The more familiar and intuitive a model is, the more likely it is to gain acceptance. Tailoring the interface to the specific user context, configuring steps to mirror the ones users would normally take to complete a particular task, and integrating the analytics into core processes can make new systems feel like a natural extension of existing ones, rather than an abrupt change.

Analytics teams also need to make sure that any new system is designed to integrate smoothly with the mine’s back-end technology stack. Otherwise, companies can end up with stand-alone models that eventually fall out of use because they cannot be updated or scaled.

4. Employ agile techniques to foster ownership and empowerment

Decision makers far removed from the field invest in prebuilt tools with a specific set of goals in mind, and they pass along instructions for local teams to use in prescribed ways. This approach can work well for enterprise resource planning (ERP) and other applications that handle routine back-office processes, but analytics initiatives typically involve frontline workers and managers. When field- and plant-based employees get directions from afar, they often feel that management devalues their expertise.

One of the most effective ways to increase adoption is to engage users directly in the development process by employing agile techniques that give users more agency. Agile ways of working democratise ownership. This open, non-hierarchical approach creates a healthy problem-solving dynamic in which individuals can more easily and freely contribute insights to the solution, regardless of their seniority and experience. The result is greater innovation and agility. 

5. Unlock value through holistic performance management

For analytics initiatives to gain traction, mining leaders need to connect the dots between the overall business objectives for the analytics program and the specific milestones and criteria that define success at different stages. Otherwise, maintenance may have one set of measures, plant and mine managers another, and executive sponsors still others, resulting in divergent expectations.

Without a cohesive understanding of value, clear accountability, and concrete prioritization of tasks, adoption and impact can suffer. Teams can have a hard time maintaining enthusiasm for an initiative, and leaders can have a hard time justifying continued investment. 

To create a clear line of sight to value, project leaders need to create a management infrastructure that eliminates silos, aligns performance metrics across teams, and assigns ownership for delivering on them. Working backward from top-line goals, project leads within the design team should define individualized performance measures for each role and work stream and ensure team members understand what is expected of them. Individuals and teams tasked with meeting specific goals can then prioritize workflow more effectively.

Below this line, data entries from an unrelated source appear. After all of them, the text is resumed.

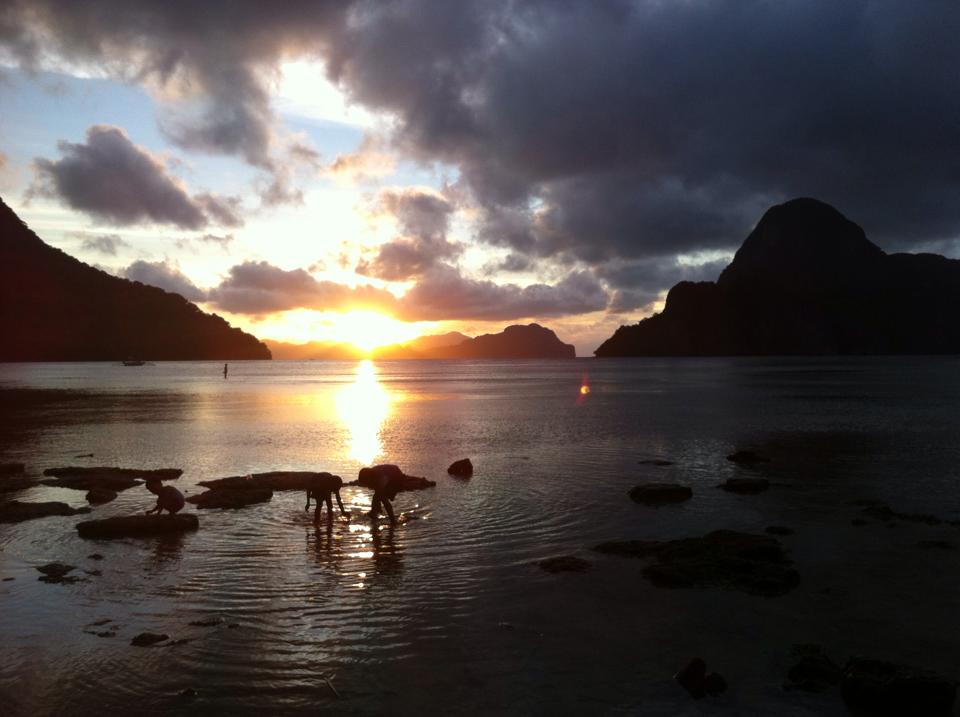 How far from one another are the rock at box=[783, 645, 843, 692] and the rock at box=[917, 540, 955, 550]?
30.6 ft

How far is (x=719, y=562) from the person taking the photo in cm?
1548

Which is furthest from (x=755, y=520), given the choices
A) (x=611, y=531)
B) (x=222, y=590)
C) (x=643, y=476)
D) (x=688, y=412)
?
(x=688, y=412)

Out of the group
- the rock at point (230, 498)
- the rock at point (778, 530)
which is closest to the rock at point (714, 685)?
the rock at point (778, 530)

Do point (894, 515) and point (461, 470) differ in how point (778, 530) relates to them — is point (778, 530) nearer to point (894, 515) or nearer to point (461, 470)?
→ point (894, 515)

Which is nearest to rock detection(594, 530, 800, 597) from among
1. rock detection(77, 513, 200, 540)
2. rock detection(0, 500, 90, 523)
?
rock detection(77, 513, 200, 540)

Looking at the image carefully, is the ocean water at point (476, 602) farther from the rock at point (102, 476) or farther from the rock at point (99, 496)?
the rock at point (102, 476)

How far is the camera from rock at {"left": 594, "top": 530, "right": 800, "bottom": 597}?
14383 mm

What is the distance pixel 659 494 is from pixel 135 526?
18.6m

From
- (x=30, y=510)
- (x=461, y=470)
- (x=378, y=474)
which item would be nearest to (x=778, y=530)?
(x=378, y=474)

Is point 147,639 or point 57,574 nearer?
point 147,639

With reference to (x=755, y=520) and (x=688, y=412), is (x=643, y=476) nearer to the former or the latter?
(x=755, y=520)

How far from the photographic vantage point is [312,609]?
12703 mm

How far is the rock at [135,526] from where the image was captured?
1848 centimetres

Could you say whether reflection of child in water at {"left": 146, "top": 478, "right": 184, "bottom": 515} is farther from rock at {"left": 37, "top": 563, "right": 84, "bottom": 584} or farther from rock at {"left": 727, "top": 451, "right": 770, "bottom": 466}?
rock at {"left": 727, "top": 451, "right": 770, "bottom": 466} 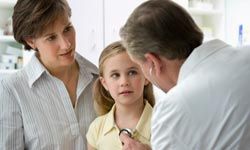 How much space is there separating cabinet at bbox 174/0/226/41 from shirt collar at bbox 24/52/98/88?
205 centimetres

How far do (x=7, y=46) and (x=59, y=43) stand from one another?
168cm

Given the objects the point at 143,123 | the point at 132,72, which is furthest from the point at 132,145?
the point at 132,72

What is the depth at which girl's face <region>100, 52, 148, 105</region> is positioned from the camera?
129 cm

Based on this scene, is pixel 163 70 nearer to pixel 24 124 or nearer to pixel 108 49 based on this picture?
pixel 108 49

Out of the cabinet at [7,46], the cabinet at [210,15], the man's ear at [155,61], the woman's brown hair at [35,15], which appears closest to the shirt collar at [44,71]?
the woman's brown hair at [35,15]

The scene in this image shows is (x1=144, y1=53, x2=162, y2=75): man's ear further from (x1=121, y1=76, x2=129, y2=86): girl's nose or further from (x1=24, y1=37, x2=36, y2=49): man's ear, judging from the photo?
(x1=24, y1=37, x2=36, y2=49): man's ear

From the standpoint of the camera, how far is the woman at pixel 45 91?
1.27m

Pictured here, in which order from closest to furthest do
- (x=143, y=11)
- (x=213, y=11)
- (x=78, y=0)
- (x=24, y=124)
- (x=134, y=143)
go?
(x=143, y=11)
(x=134, y=143)
(x=24, y=124)
(x=78, y=0)
(x=213, y=11)

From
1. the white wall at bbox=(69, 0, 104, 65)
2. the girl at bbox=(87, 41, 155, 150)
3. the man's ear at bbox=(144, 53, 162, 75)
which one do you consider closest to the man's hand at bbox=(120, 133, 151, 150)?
the girl at bbox=(87, 41, 155, 150)

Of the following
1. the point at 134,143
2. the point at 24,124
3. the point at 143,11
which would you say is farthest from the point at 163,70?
the point at 24,124

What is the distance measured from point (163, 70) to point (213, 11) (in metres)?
2.67

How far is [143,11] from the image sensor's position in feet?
3.18

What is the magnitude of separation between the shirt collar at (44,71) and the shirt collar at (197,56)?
559mm

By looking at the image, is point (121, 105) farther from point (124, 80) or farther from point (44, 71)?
point (44, 71) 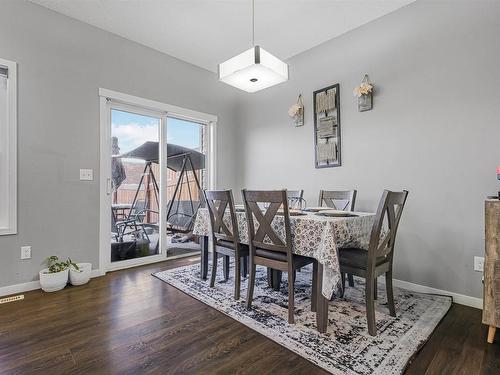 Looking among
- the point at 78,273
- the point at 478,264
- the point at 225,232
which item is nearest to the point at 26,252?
the point at 78,273

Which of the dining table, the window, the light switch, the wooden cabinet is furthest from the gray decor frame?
the window

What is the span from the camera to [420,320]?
6.37ft

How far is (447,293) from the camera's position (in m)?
2.38

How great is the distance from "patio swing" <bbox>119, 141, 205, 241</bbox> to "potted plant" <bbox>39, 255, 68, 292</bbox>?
951 millimetres

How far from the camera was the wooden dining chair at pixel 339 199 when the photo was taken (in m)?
2.75

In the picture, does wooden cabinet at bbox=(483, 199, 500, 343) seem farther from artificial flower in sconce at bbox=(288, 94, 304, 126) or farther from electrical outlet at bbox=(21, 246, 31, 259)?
electrical outlet at bbox=(21, 246, 31, 259)

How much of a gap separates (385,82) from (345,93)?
17.5 inches

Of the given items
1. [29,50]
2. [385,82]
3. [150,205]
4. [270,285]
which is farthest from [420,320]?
[29,50]

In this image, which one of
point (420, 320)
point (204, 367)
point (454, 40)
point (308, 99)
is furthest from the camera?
point (308, 99)

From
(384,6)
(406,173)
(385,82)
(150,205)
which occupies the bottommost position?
(150,205)

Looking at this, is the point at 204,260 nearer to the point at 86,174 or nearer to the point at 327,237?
the point at 327,237

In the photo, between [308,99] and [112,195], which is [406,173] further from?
[112,195]

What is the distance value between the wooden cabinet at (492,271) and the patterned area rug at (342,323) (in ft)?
1.10

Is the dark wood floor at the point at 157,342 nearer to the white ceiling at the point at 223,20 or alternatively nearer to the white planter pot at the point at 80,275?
the white planter pot at the point at 80,275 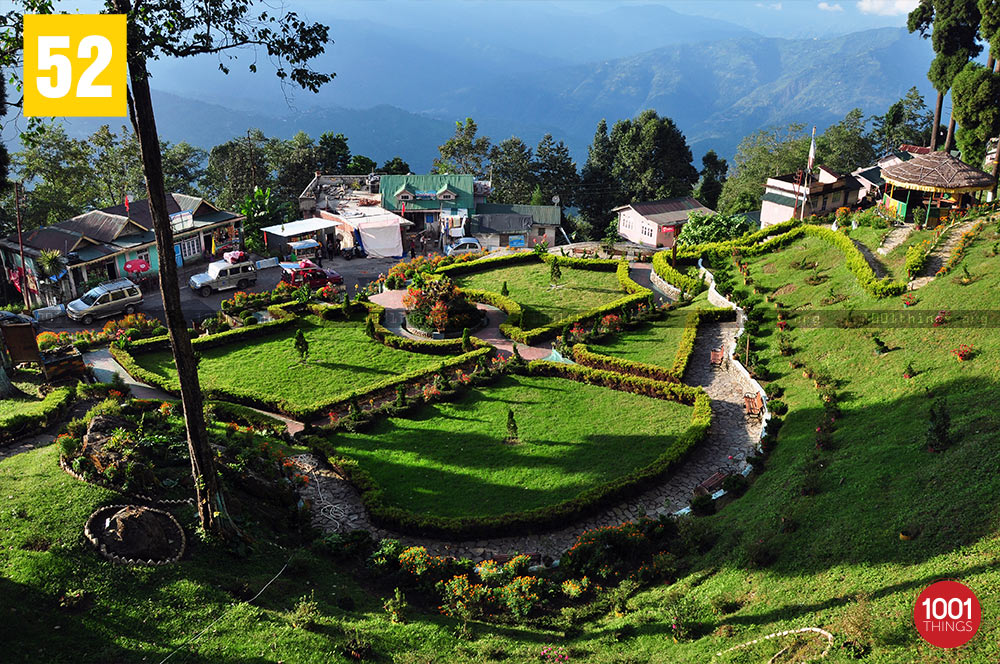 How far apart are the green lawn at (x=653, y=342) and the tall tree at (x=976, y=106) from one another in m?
18.5

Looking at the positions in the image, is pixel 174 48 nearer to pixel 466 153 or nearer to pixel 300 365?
pixel 300 365

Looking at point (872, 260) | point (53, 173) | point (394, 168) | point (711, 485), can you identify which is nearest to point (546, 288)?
point (872, 260)

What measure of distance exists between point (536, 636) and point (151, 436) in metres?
11.9

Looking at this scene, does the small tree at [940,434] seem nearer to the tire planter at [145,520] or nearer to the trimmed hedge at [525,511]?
the trimmed hedge at [525,511]

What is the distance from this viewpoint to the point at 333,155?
255 ft

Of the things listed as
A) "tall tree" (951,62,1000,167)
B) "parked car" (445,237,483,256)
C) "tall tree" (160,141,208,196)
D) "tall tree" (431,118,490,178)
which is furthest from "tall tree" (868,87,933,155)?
"tall tree" (160,141,208,196)

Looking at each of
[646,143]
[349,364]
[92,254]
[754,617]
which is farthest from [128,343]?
[646,143]

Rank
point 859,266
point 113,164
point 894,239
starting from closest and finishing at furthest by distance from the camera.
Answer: point 859,266, point 894,239, point 113,164

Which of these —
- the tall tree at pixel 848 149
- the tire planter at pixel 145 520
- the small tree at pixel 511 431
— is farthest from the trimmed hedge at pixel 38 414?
the tall tree at pixel 848 149

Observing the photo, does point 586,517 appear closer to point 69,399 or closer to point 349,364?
point 349,364

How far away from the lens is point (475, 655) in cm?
1273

6. Anticipate the skills needed to scale and sustain

For mining organisations that are just beginning their analytics journeys, it can be easy to focus on the use cases, tools, and algorithms, since the learning curve for each can be steep. However, transitioning from pilot to production requires planning for scale from the start and building an in-house skill base capable of supporting the analytics portfolio over the long term.

Having the right expertise to maintain and train systems is one of the most important success factors with analytics. Model accuracy naturally drifts over time as operating conditions change. To account for that, businesses need to retrain the system continually—that is, roughly every three to six months. Otherwise, the quality of recommendations will drop, leading to fewer users and declining impact.